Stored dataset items
____________________

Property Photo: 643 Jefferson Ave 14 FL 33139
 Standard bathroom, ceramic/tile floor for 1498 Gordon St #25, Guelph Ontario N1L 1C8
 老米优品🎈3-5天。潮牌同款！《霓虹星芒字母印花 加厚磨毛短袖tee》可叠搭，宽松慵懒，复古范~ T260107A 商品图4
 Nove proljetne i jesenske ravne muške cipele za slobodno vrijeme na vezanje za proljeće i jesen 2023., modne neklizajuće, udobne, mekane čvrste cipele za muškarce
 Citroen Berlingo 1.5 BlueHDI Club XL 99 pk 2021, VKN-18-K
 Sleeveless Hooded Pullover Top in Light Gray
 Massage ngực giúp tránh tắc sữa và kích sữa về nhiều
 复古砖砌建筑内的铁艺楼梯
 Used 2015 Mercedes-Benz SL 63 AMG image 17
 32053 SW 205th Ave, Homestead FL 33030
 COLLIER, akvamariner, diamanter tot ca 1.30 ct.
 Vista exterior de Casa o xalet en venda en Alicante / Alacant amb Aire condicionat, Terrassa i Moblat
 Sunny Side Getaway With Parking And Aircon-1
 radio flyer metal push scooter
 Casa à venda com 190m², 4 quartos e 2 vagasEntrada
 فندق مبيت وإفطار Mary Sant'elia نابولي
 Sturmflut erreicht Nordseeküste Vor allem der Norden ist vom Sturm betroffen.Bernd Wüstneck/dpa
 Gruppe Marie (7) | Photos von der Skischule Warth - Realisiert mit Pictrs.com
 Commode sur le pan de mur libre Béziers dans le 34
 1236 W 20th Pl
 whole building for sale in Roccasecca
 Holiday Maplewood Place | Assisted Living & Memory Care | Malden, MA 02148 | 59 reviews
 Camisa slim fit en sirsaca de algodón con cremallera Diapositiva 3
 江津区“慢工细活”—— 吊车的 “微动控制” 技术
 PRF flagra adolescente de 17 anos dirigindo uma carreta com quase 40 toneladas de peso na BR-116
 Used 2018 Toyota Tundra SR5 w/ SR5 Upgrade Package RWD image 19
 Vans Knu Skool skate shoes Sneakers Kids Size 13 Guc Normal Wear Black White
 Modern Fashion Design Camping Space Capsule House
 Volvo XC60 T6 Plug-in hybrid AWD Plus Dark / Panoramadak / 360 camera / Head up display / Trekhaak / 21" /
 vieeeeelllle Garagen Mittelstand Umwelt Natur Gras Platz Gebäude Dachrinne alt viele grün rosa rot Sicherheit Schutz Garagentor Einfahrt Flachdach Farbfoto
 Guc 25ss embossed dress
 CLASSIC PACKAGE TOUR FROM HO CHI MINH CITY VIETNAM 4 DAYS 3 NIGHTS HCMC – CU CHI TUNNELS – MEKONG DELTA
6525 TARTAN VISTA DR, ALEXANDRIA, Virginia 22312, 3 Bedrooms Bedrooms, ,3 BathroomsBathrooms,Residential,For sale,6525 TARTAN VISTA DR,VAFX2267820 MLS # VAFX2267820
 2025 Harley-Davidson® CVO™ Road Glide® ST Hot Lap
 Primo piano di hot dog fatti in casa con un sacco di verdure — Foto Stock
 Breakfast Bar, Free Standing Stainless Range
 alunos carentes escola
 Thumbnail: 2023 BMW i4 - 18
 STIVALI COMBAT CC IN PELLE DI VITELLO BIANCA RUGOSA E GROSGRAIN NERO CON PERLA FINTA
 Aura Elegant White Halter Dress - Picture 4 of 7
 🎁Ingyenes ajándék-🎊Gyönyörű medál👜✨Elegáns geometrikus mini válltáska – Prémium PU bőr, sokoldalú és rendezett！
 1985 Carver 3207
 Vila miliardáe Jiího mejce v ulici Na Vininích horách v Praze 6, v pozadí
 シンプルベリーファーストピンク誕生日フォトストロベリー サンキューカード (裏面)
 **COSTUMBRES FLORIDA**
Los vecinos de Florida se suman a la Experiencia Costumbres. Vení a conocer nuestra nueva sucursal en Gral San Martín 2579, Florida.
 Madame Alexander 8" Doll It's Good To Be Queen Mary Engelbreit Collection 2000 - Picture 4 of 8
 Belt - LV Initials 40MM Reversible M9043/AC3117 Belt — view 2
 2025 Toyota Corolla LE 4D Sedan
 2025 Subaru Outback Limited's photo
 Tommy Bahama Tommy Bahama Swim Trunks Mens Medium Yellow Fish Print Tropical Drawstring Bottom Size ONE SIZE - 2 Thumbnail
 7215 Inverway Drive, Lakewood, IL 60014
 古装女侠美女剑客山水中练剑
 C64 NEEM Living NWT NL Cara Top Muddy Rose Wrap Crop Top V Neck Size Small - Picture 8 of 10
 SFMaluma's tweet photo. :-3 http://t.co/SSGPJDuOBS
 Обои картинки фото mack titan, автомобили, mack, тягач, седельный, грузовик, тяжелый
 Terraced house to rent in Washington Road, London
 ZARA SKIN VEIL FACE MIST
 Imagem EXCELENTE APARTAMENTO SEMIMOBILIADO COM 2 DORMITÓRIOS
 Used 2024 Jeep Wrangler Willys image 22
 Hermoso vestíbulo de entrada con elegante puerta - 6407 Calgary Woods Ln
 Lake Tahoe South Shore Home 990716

____________________

Exercise goal
Where a line of the records has the string "Picture", copy that line.

The answer
 Aura Elegant White Halter Dress - Picture 4 of 7
 Madame Alexander 8" Doll It's Good To Be Queen Mary Engelbreit Collection 2000 - Picture 4 of 8
 C64 NEEM Living NWT NL Cara Top Muddy Rose Wrap Crop Top V Neck Size Small - Picture 8 of 10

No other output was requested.